Sabe aquela musiquinha de espera de ligação de call center? Então, esse tipo de música enquanto ideia surgiu por volta de 1910 com o major-general do exército dos EUA George Owen Squier, que também era cientista e inventor. Squier ajudou a criar várias tecnologias de transmissão de dados que, na época, ajudaram a popularizar o telefone. A criação do major-general foi usada para transmitir música diretamente para o lar via telefone até a chegada do rádio, nos anos 1930.
Com a mudança, Squier passa a focar na venda do serviço para estabelecimentos comercial e cria uma nova empresa, a Muzak (mistura de “music” e “Kodak”). Outra novidade na atuação da Muzak: no lugar de composições originais de artistas das paradas de sucesso, agora a empresa passa a levar à sério o poder de influência psicológica da música e começa a criar faixas próprias em blocos de 15 minutos de programação que visavam especificamente imprimir um ritmo de produtividade nos frequentadores de comércios e locais públicos (a tal “música de elevador”). É o Stimulus Progression, ou progressão de estímulo.

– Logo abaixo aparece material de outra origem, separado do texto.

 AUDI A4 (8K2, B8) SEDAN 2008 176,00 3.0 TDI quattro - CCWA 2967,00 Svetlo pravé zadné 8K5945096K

A nova empreitada foi um sucesso estrondoso e, durante os anos 50 e 60, era praticamente impossível não ter em contato com a Muzak nas grandes cidades do mundo. Mas a sua onipresença, e concomitante revolução cultural, também tornaram a empresa e suas produções sinônimos de música descartável, anódina e massiva. Até o lançamento de Music for Airports, ambient music era quase que um termo necessariamente pejorativo.
Sob a influência de Eno, a música borrou as barreiras que podiam existir entre o utilitarismo da música de elevador (vista como “sem valor” ou “descartável”) e as abordagens mais intelectualizadas de Satie e da série Ambient. Além disso, inovações tecnológicas vão permitindo que a música pop esteja cada vez mais presente no dia-a-dia das pessoas, substituindo assim a necessidade de uma outra música que cumpre unicamente um papel ambiente. Agora, de uma forma ou de outra, todo o pop é ambiente e não só pode, como deve, estar paulatinamente mais presente e acessível.

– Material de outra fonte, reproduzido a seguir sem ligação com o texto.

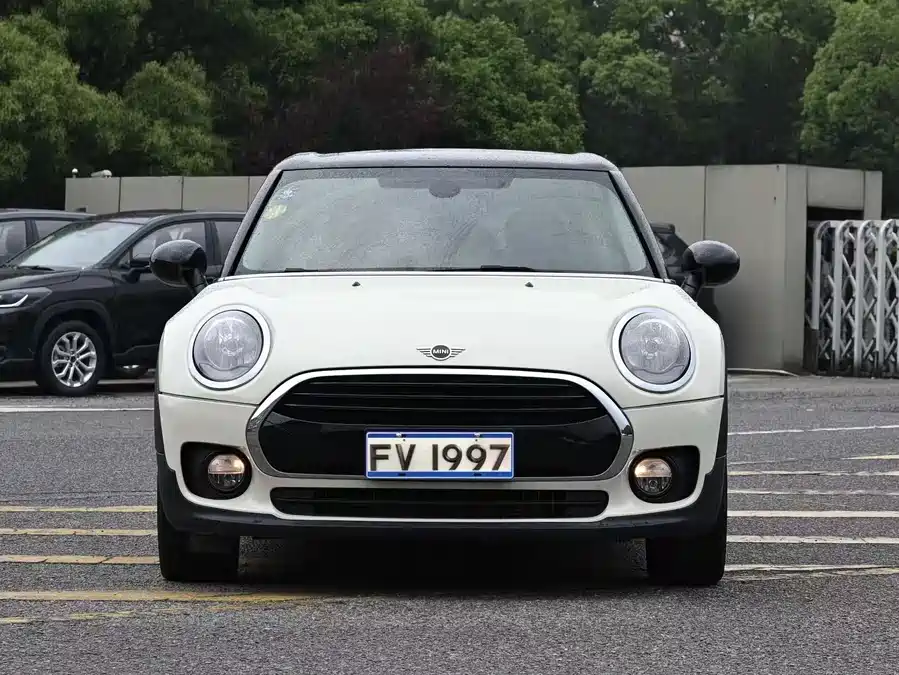 MINI  CLUBMAN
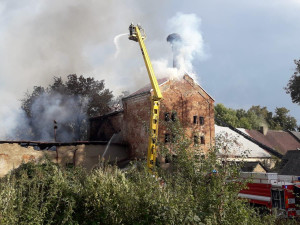 V Chlumci nad Cidlinou hasiči včera vyhlásili třetí stupeň požárního poplachu, stále se dohašuje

É dentro dessa perspectiva que hoje podemos repensar não só novas formas do fazer artístico musical, mas também dar novos nós no que entendemos por utilidade da música hoje em dia. Já que no séc. XXI os fones de ouvido e celulares nos permitem que efetivamente qualquer música possa servir um propósito atmosférico específico (por exemplo, uma playlist que você crie com “Músicas para Trabalhar”, ou associar um álbum/som a alguma localidade “Músicas para Ouvir no Metrô”, e etc), qualquer esforço estético que vise quebrar esse padrão colocando uma nova percepção da música, da atmosfera e do próprio estar em algum lugar deveria ter algum valor artístico por si só.

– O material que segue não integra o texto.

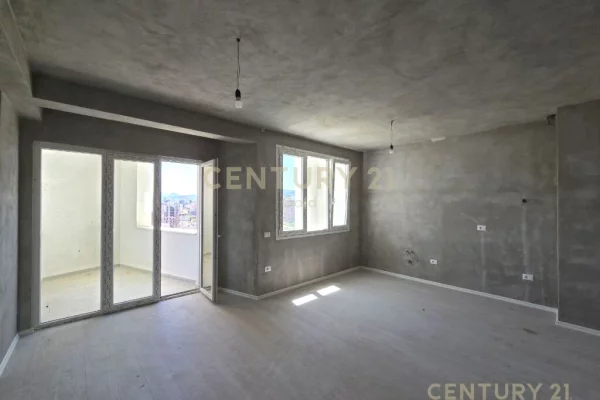 Apartment for sale in Tirana 3+1, Emty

O Música Para entra por essa fresta. Enquanto o ritmo frenético do cotidiano é superimposto (ou reforçado) das mais diversas e sutis maneiras, o projeto do Sesc Avenida Paulista continua torcendo e embolando as linhas que separam a arte do espetáculo, o Muzak da música, a espera da contemplação. O hall de um elevador não é, nem precisa ser, apenas um lugar transitório, depósito de tensões e ansiedades de indefesas vítimas da pressa que precisam ser colocadas em transe sônico para evitar maiores distúrbios pessoais e coletivos - o hall do elevador pode ser um lugar completo, com história, atmosfera e até subjetividade ou ironia. Se a música do elevador for executada ao vivo e dentro elevador, ela é Muzak também? É um som ambiente? É música? Para essas perguntas, não encontrarei respostas definitivas, mas um dos caminhos para encontrá-las começa na Avenida Paulista.
*Eduardo Roberto é jornalista e crítico de cultura. Já escreveu para Estadão, MTV Brasil e foi editor do Noisey, na VICE Brasil.